Das konnte nicht sein. Nicht er. Nicht jetzt. Und doch erfüllte mich ein warmes Gefühl und verdrängte die Angst aus meinem Körper. Er hatte mich ein weiteres Mal gerettet. Ich wusste wirklich nicht, wieso gerade er das immer tat und wieso er noch jetzt zur Stelle war, wenn ich ihn brauchte.
Eisblaue Augen bohrten sich in meine, sobald Luis sich umgedreht hatte.
'Geht es dir gut?'
Ich nickte unfähig zu sprechen, wobei ich nicht sicher war, ob man mein Nicken in der Dunkelheit der Nacht erkennen konnte.
'Danke.', fügte ich flüsternd hinzu, nachdem ich den Kloß in meinem Hals hinuntergeschluckt hatte.
Sein Blick, der nun zwischen einem frostigem, hellen Blau und einem warmen Sommerhimmelblau schwankte, war weiterhin auf mich gerichtet.

Wir waren nur zu zweit hier.
Seit einer gefühlten Ewigkeit standen wir uns wieder gegenüber und sahen uns an. Luis schien es ebenfalls zu merken, denn er trat einen Schritt näher an mich heran.
Auch er trug den starken Alkoholgeruch mit sich, obwohl er sehr aufmerksam und bedacht aussah.
Mein Körper spannte sich ungewollt an, denn ich konnte die Angst nicht so einfach loswerden, dafür war ich noch zu aufgebracht.
Luis bemerkte meine Anspannung sofort und brachte wieder den vorherigen Abstand zwischen uns. Seine Stimme war distanziert, als er begann zu sprechen. Vielleicht hatte ich mir die Wärme und die Sorge auch nur eingebildet, weil ich sie mir so sehr wünschte.
'Sieh es als eine Revanche.'

Dann wendete er sich ab und ließ mich hier alleine stehen.
Ich machte den Mund auf, um ihn zurückzurufen und noch etwas zu sagen, doch ich wusste nicht was.
Also schloss ich meinen Mund wieder, ließ die Worte unausgesprochen.
Revanche?!
Ich hatte ihn im Club vor seiner Begleitung gerettet und er rettete mich vor seinem Freund.
Er wollte nur, dass er nicht mehr in meiner Schuld stand. Die eine Hand wäscht die andere.
Sonst hätte er doch etwas gesagt. Er hätte etwas sagen müssen.
Traurig blickte ich noch einmal um mich herum. Das Leise Rasseln, dass Ricks Atem verursachte, erschallte von irgendwo aus dem hohen Gras zu meiner Rechten.
Ich würde ihm jetzt sicher nicht mehr helfen.

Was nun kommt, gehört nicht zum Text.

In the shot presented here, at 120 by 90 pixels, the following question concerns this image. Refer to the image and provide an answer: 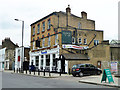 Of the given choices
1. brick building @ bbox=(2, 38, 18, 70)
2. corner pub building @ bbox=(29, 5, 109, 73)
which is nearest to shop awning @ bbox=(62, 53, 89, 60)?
corner pub building @ bbox=(29, 5, 109, 73)

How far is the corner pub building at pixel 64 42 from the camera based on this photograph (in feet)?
105

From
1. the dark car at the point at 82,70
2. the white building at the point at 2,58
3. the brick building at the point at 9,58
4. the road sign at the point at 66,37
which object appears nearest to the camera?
the dark car at the point at 82,70

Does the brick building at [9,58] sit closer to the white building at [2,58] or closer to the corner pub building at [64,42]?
Answer: the white building at [2,58]

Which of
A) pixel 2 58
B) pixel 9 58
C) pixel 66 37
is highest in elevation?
pixel 66 37

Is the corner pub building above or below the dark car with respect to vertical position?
above

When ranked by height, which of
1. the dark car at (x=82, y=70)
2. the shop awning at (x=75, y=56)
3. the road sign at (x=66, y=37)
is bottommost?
the dark car at (x=82, y=70)

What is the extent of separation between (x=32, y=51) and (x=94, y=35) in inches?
554

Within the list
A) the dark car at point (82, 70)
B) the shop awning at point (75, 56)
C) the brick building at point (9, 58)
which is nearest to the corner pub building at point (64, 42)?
the shop awning at point (75, 56)

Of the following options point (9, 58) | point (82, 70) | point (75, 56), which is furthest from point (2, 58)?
point (82, 70)

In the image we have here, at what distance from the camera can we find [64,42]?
3238 cm

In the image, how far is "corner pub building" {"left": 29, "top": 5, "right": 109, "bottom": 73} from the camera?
32.1 meters

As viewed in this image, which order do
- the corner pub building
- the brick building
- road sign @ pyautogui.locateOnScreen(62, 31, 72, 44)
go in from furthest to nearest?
the brick building < road sign @ pyautogui.locateOnScreen(62, 31, 72, 44) < the corner pub building

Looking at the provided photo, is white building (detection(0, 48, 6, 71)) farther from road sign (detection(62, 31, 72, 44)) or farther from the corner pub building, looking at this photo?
road sign (detection(62, 31, 72, 44))

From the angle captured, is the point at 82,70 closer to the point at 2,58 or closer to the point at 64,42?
the point at 64,42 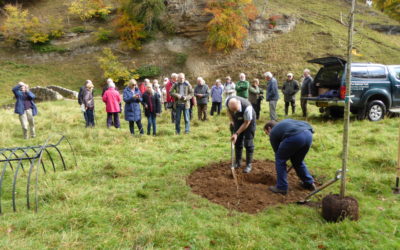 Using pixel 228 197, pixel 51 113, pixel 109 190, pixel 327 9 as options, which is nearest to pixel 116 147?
pixel 109 190

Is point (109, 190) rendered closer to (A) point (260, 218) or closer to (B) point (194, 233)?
(B) point (194, 233)

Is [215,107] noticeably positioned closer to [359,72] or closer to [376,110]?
[359,72]

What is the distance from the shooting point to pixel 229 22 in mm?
27266

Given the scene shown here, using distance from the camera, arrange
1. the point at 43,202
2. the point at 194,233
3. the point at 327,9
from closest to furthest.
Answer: the point at 194,233 → the point at 43,202 → the point at 327,9

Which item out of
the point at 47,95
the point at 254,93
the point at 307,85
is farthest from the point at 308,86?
the point at 47,95

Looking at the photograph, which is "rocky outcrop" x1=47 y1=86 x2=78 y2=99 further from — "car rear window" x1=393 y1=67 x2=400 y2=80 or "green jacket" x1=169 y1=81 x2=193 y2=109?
"car rear window" x1=393 y1=67 x2=400 y2=80

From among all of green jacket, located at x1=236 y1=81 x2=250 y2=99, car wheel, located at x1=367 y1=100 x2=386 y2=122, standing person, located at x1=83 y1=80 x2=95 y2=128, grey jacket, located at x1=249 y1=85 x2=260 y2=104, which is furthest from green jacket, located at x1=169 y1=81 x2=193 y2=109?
car wheel, located at x1=367 y1=100 x2=386 y2=122

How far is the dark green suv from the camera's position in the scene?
907 cm

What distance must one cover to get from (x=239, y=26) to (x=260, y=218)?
25873mm

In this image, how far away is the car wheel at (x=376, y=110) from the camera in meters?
9.35

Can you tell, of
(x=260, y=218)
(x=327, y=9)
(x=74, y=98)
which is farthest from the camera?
(x=327, y=9)

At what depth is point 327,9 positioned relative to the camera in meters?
37.9

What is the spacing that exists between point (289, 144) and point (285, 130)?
0.24m

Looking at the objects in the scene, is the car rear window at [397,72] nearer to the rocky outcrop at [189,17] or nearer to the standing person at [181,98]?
the standing person at [181,98] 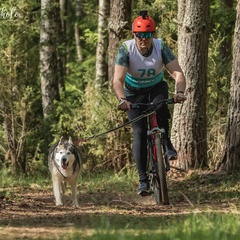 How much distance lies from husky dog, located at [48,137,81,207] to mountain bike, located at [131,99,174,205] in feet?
6.17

Stattdessen lief ich eilig zu meinem Wohnheim, konnte Luis nicht aus meinen Gedanken und den Schock nicht aus meinen Gliedern verdrängen.
Die gerade überstandene Gefahr lag noch in der Luft und schien mich zu verfolgen.
Demnach würde ich wohl nur schwer einschlafen können, was aber gar nicht so schlecht war.
Weniger Schlaf; weniger Albträume, denn die hatte ich in meinem echten Leben schon genug.